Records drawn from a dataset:

——

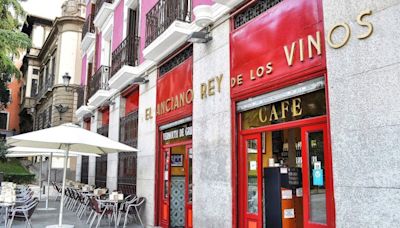 La tradición de que las fachadas de las tabernas de Madrid sean rojas tiene un motivo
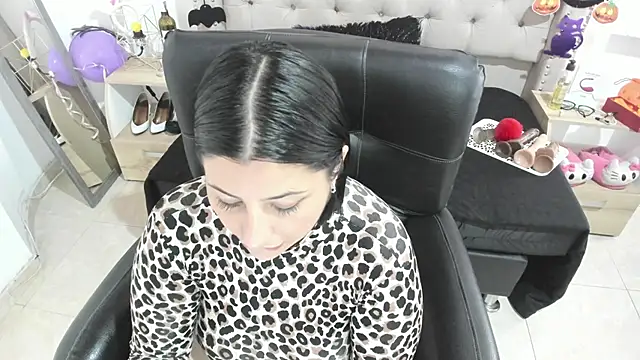 Snapshot of AngeleRoux chatting on October 29, 2025, 4:17 pm AngeleRoux online show from October 29, 2025, 4:17 pm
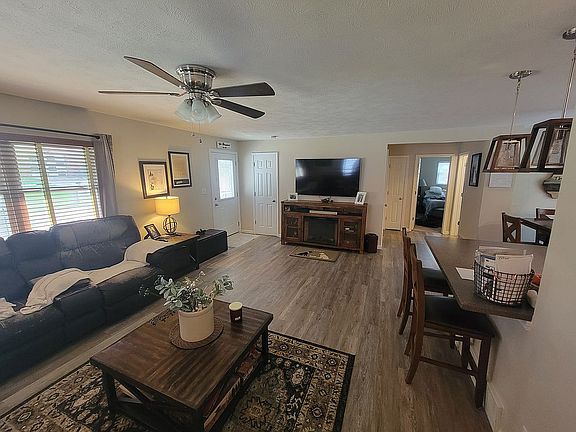 4th image of 616 Gordon Dr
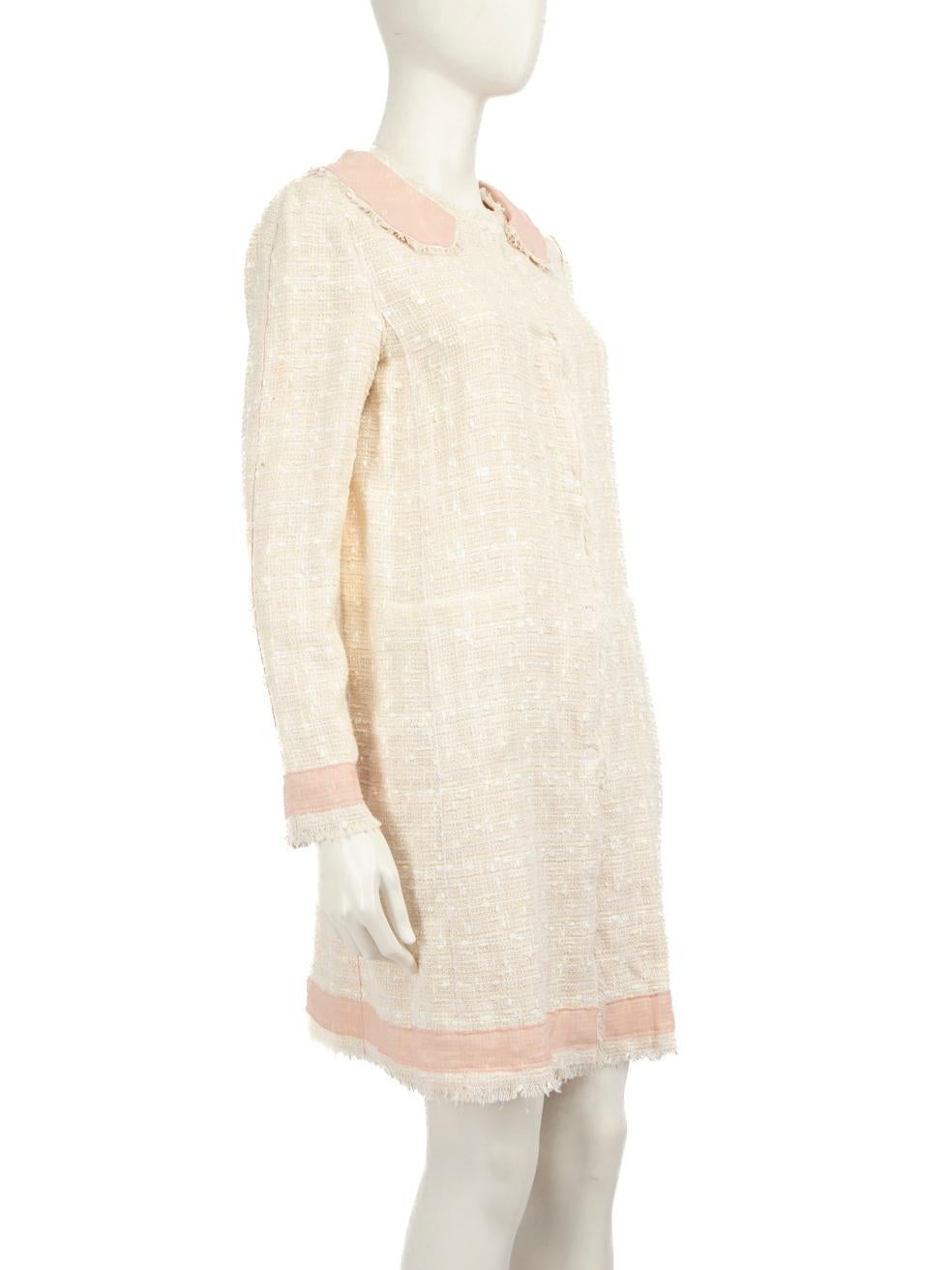 CONDITION is Very good. Minimal wear to the dress is evident, there are small marks on the back of the right sleeve and the brand label on the back neck is loose on this used Dolce & Gabbana designer resale item.
 
 
 
 Details
 
 
 Cream
 
 Cotton
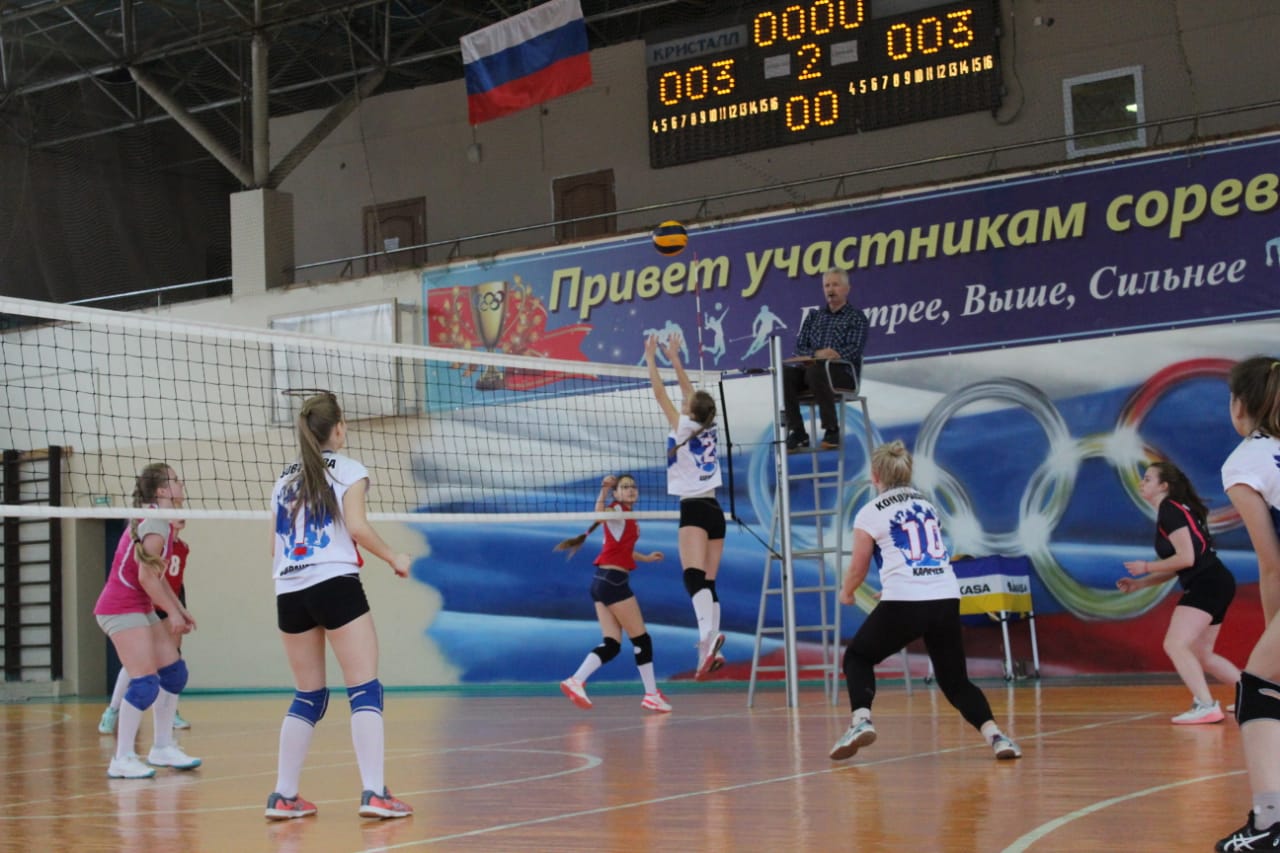 Карачевские волейболистки одержали победу на первенстве области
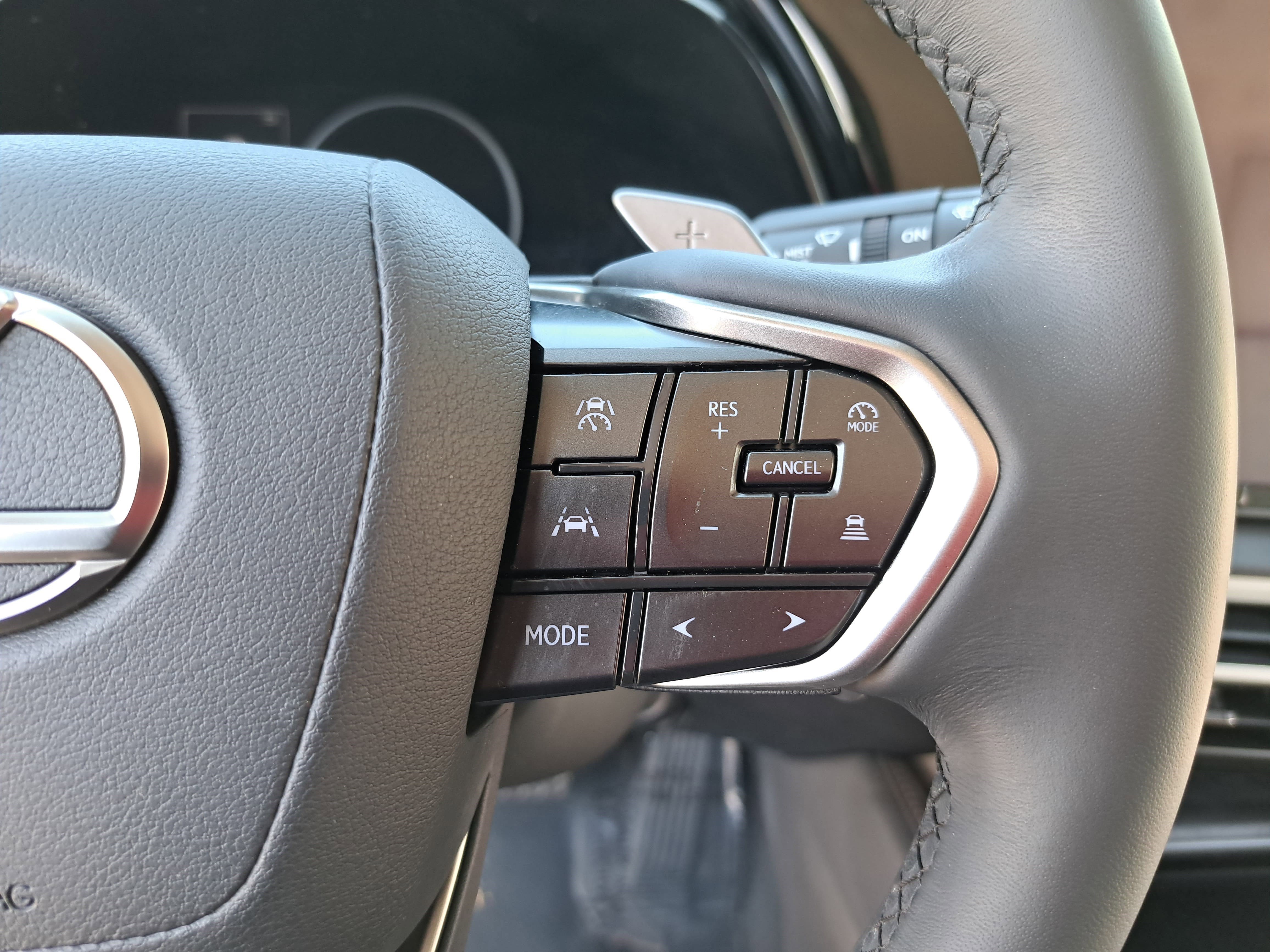 Used 2023 Lexus RX 350 FWD w/ Accessory Package (Z1) image 18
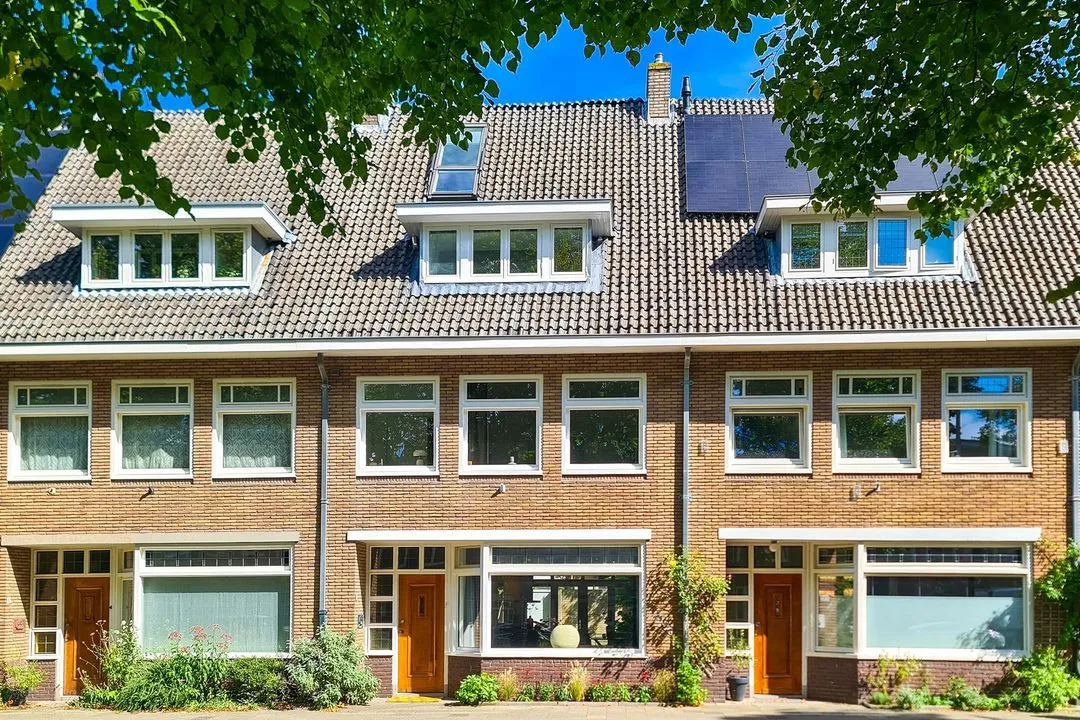 Tussenwoning te koop: Croeselaan 128, Utrecht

——

Give the records above again verbatim, pictures omitted.

Task result:
 La tradición de que las fachadas de las tabernas de Madrid sean rojas tiene un motivo
 Snapshot of AngeleRoux chatting on October 29, 2025, 4:17 pm AngeleRoux online show from October 29, 2025, 4:17 pm
 4th image of 616 Gordon Dr
 CONDITION is Very good. Minimal wear to the dress is evident, there are small marks on the back of the right sleeve and the brand label on the back neck is loose on this used Dolce & Gabbana designer resale item.
 
 
 
 Details
 
 
 Cream
 
 Cotton
 Карачевские волейболистки одержали победу на первенстве области
 Used 2023 Lexus RX 350 FWD w/ Accessory Package (Z1) image 18
 Tussenwoning te koop: Croeselaan 128, Utrecht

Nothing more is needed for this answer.